• **What you should do**:
All the lines below should be set down exactly, with no picture carried into the copy.

• **Dataset section**:

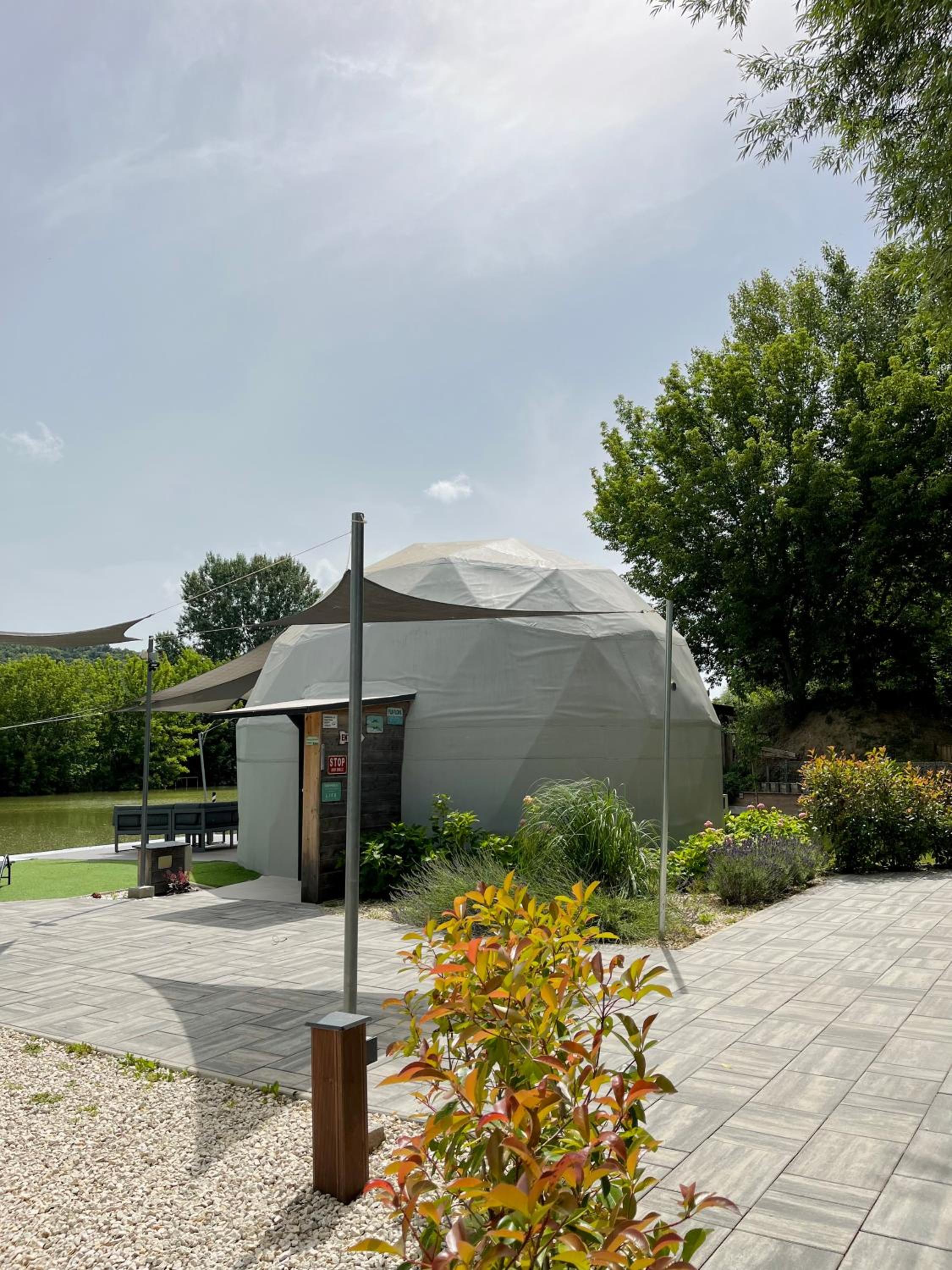 DOMEGLAMPING at FISHINGLAKE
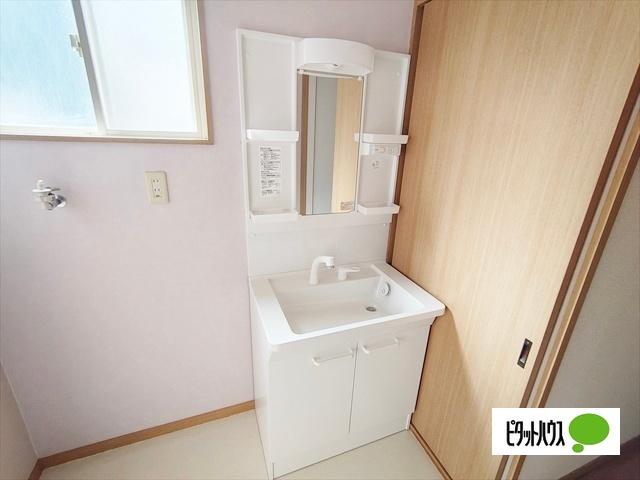 小布施戸建 洗面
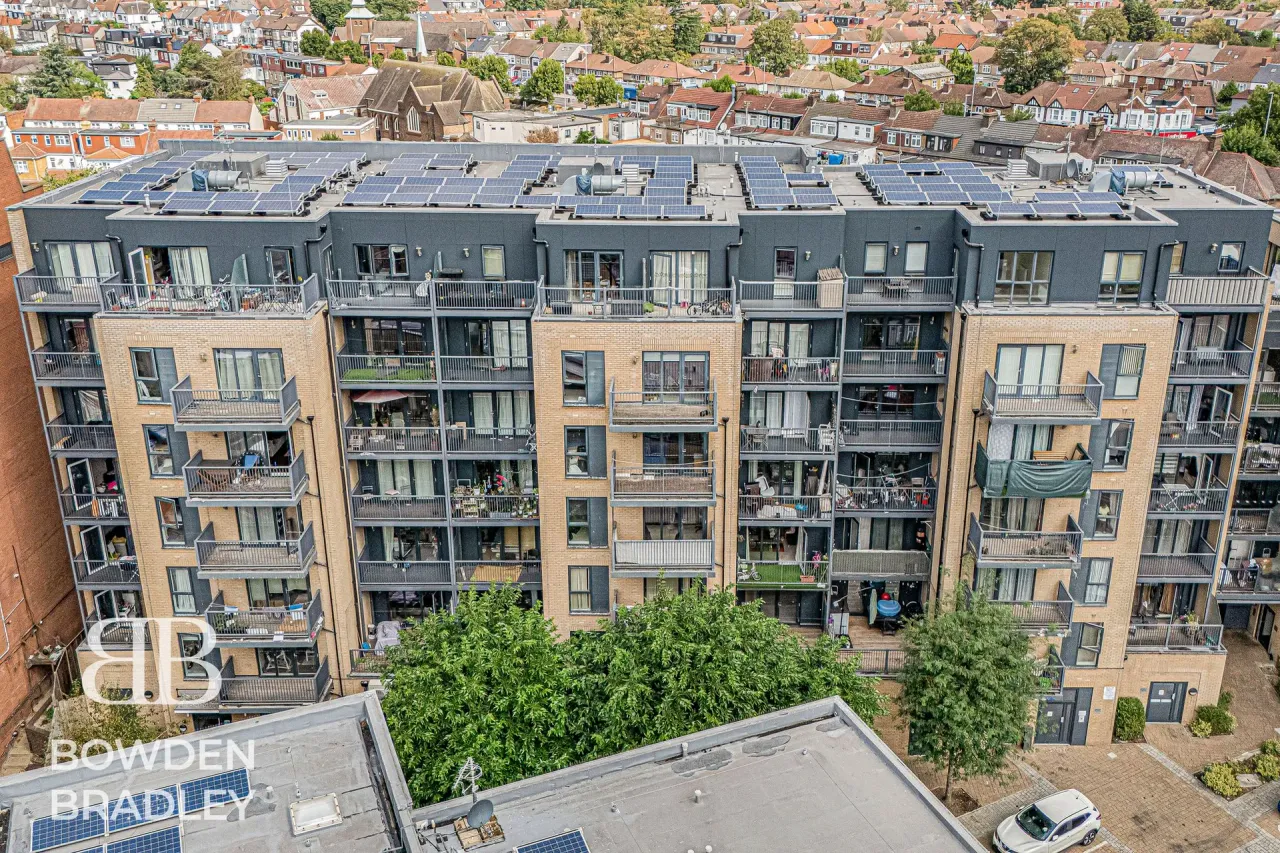 Clarence Avenue, Ilford, IG2, photo 13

• **Answer to the problem**:
 DOMEGLAMPING at FISHINGLAKE
 小布施戸建 洗面
 Clarence Avenue, Ilford, IG2, photo 13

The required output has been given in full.